Yaklaşık her 6 bin bebekten biri bu rahatsızlıkla doğuyor. Araştırma hastanesinden yapılan açıklamada, hayatta kalma motor nöron proteini eksikliğinin bu hastalığa yol açtığı belirtildi. Johns Hopkins Medicine'a göre bu protein, kasların sinirlerden sinyal almasını sağladığı için hayati önem taşıyor. ABD'deki her 11 bin doğumdan birinde bu proteinin bulunmadığı görülüyor. İlaç, proteinin daha fazla üretilmesini sağlıyor.

St. Jude, proteine en çok fetüs gelişiminin üçüncü üç aylık döneminde ve doğumdan sonraki ilk üç aylık dönemde ihtiyaç duyulduğundan, semptomların şiddetinin müdahale zamanıyla yakından bağlantılı olduğunu ifade ediyor. Böylece risdiplamı tek bir hastada kullanıp sonuçları incelemek üzere klinik protokolü başlattılar. Gıda ve İlaç Dairesi çalışmayı onayladı.

Hastanın ebeveynlerinin daha önce Tip 1'le doğan bir bebeği vardı ve genetik varyantı taşıdıkları biliniyordu. Testler, çocuklarının muhtemelen Tip 1'le doğacağını doğruladı. İlacı rahim içi olarak uygulama fikri ebeveynlerden geldi ve doktorlar, anneye ilacı hamileliğinin son 6 haftasında verdi.

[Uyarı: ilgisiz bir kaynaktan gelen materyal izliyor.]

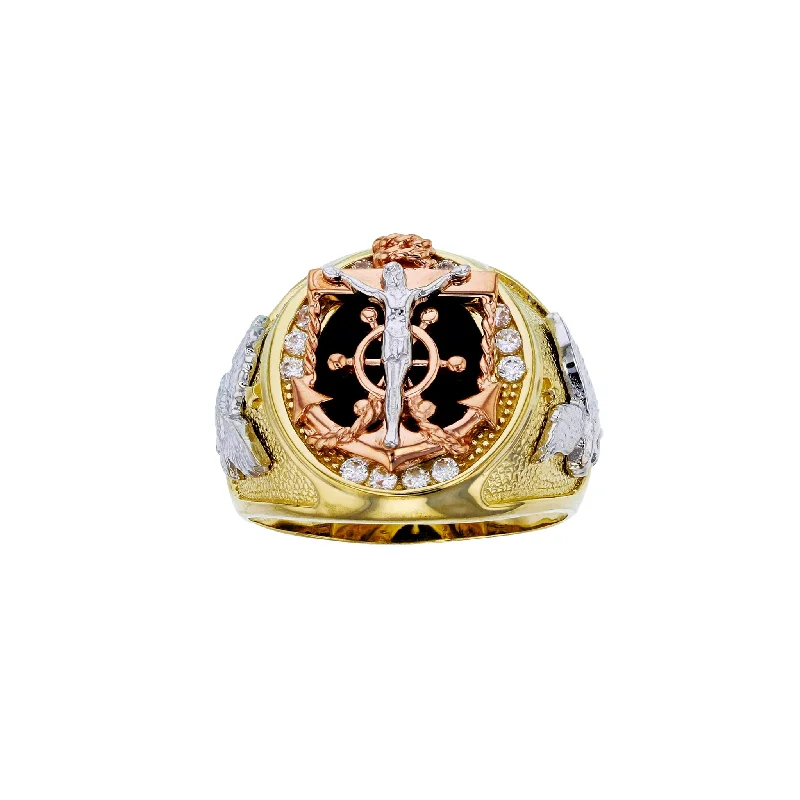 women's rings with gemstone accents -Tricolor Anchor Jesus Crucified Men's Ring (14K)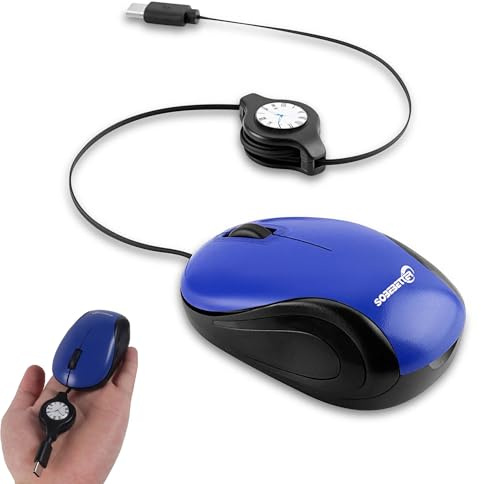 Mini Wired Mouse, Silent Portable Optical Travel Small Mice,with Type-C Retractable Cable, Plug & Play, for Kids Small Hand, for Laptop MacBook Tablet Smartphone, Children Boy Girl Woman Gift（Blue）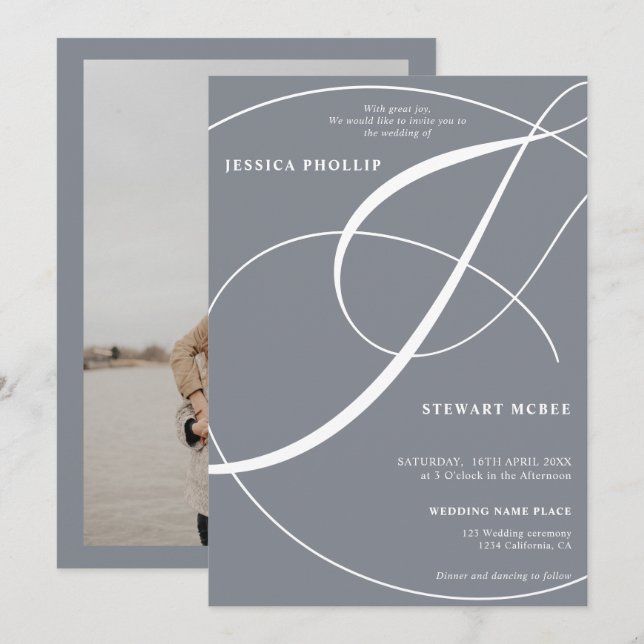 Convite Casamento de caligrafia com fotos azuis empoeirada (Frente/Verso)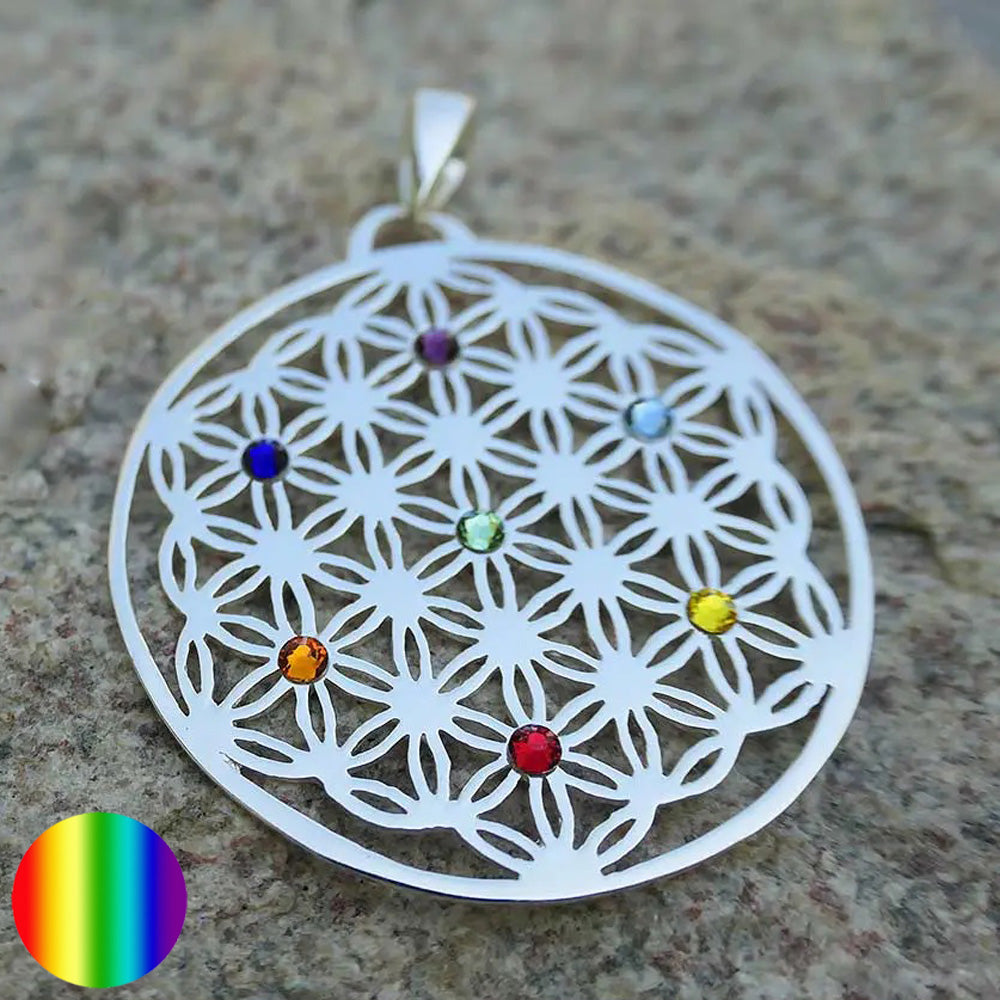 Blume des Lebens Silber-Anhänger 7 Swarovski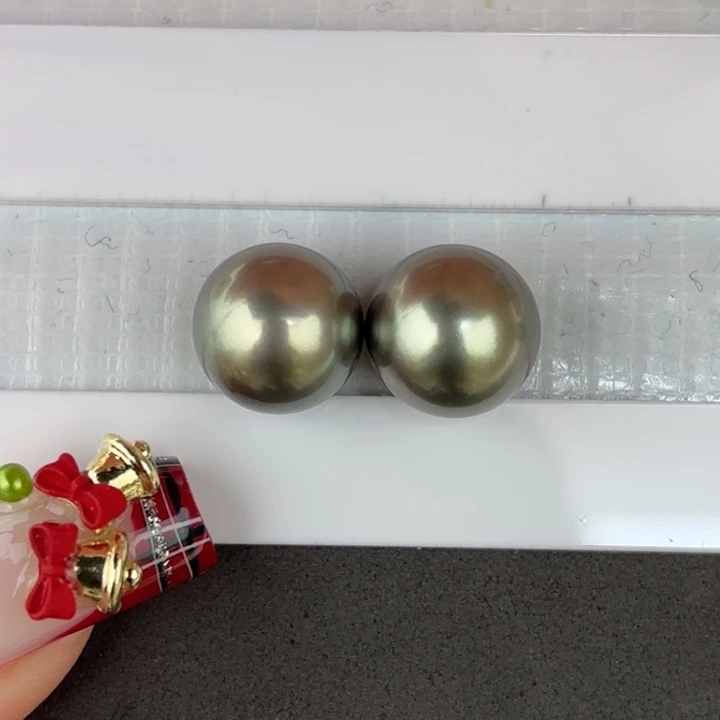 定制海水珍珠未镶嵌裸珠11.5-11.6mm大溪地两颗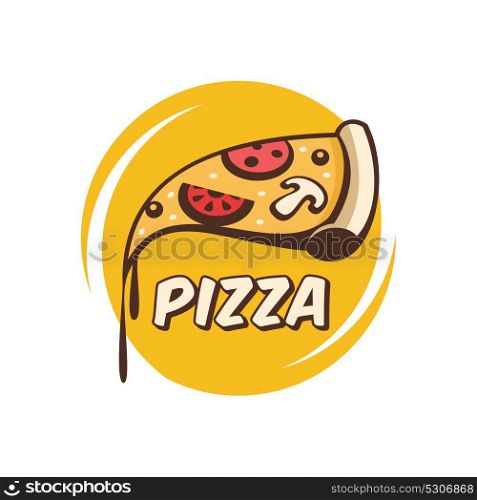 Vector logo in a cartoon style. A slice of hot pizza with mushrooms, sausage, tomatoes and cheese in hand.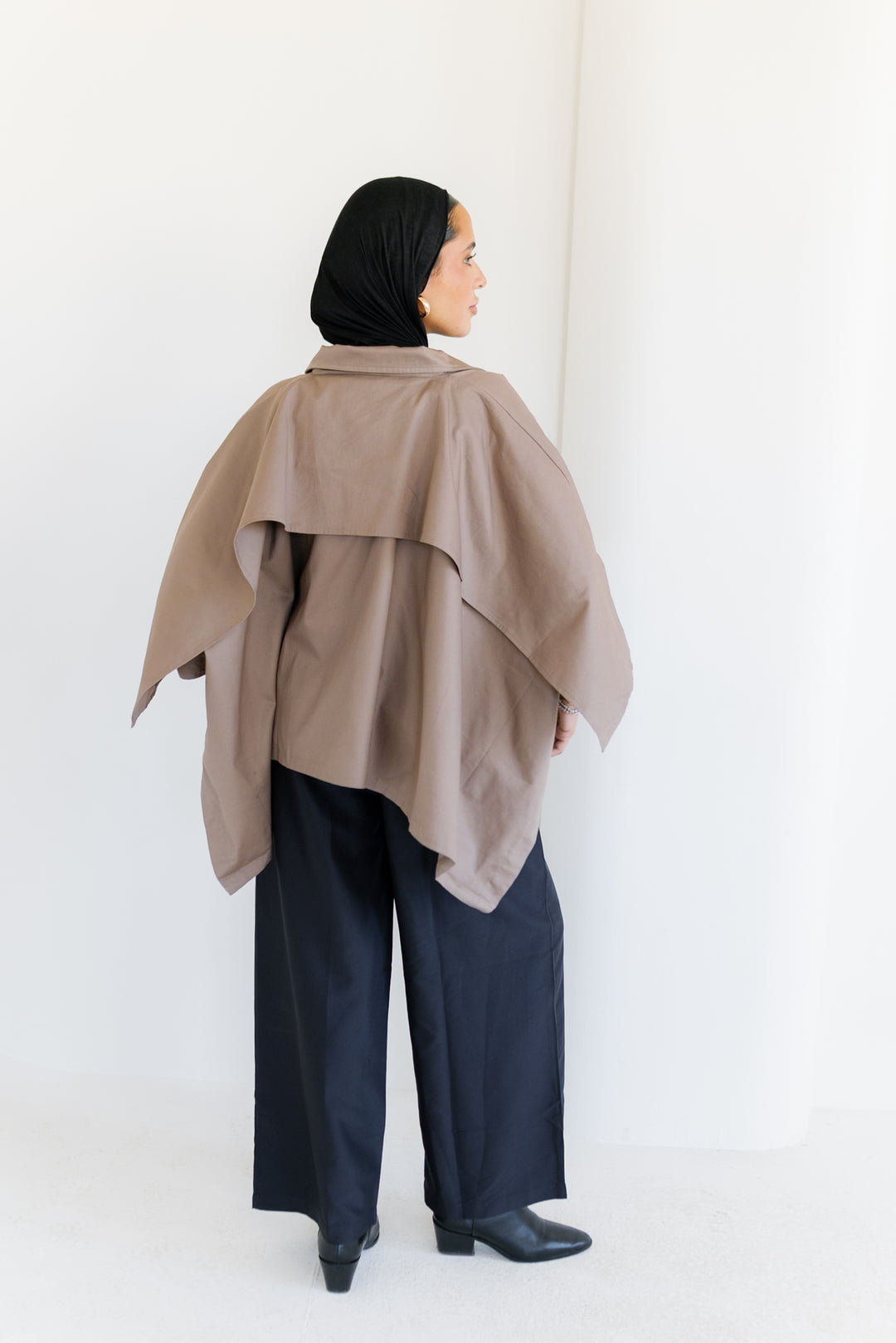 Cape Cropped Trench - Light Brown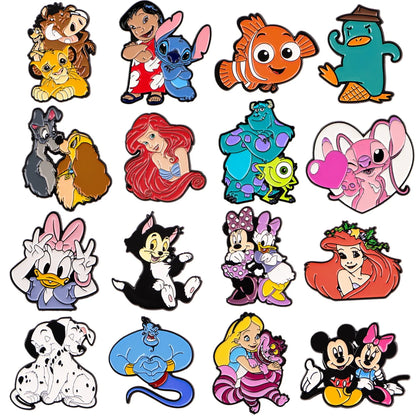 Cartoon Movie Enamel Lapel Pins — Lion, Cat & Duck Brooches for Backpacks, Clothes, DIY Metal Badge Jewelry Accessories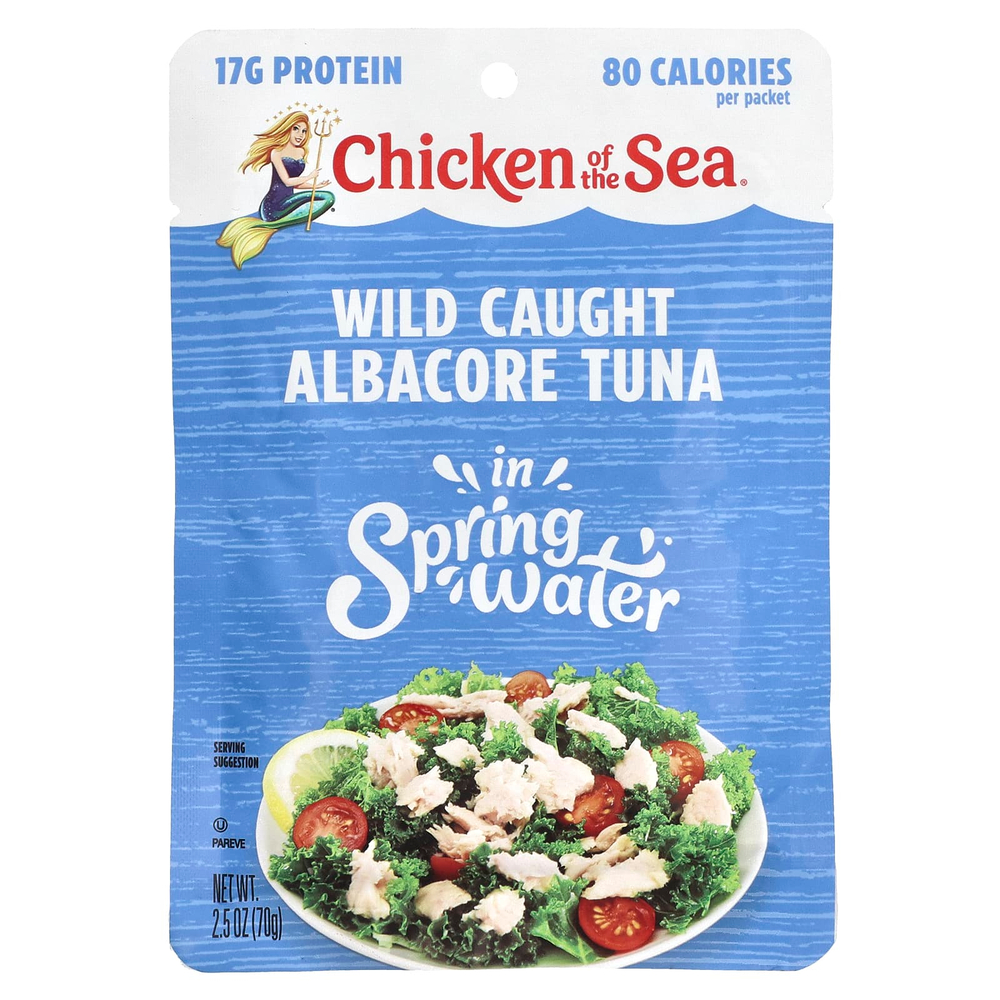 Chicken of the Sea, Дикий альбакоровый тунец, родниковая вода, 70 г (2,5 унции)
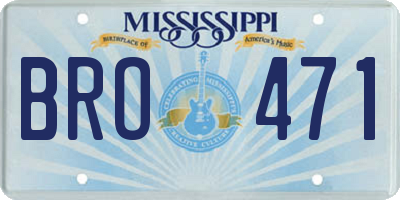 MS license plate BRO471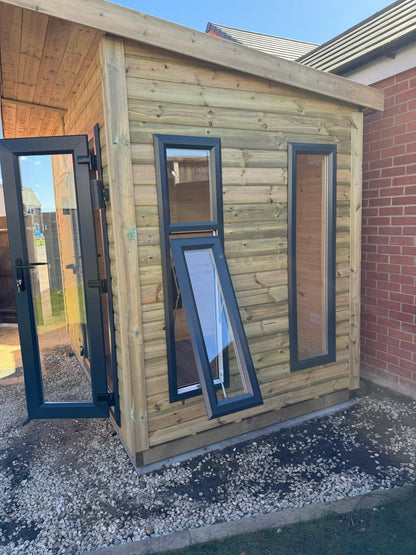 Monarch Combi Garden Room - 16mm Loglap Cladding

Doğumdan sonra bebekte, ilaca maruz kalmadan önce meydana geldiği düşünülen çeşitli anormallikler teşhis edildi. Bebek, ilacı bir haftalıkken almaya başladı ve muhtemelen hayatının geri kalanında da almaya devam edecek.

Araştırma merkezinde periyodik olarak izlenmeye devam ediyor.

Finkel, "Değerlendirme süresince gerçekten de SMA'ya dair hiçbir belirti görmedik" diyor.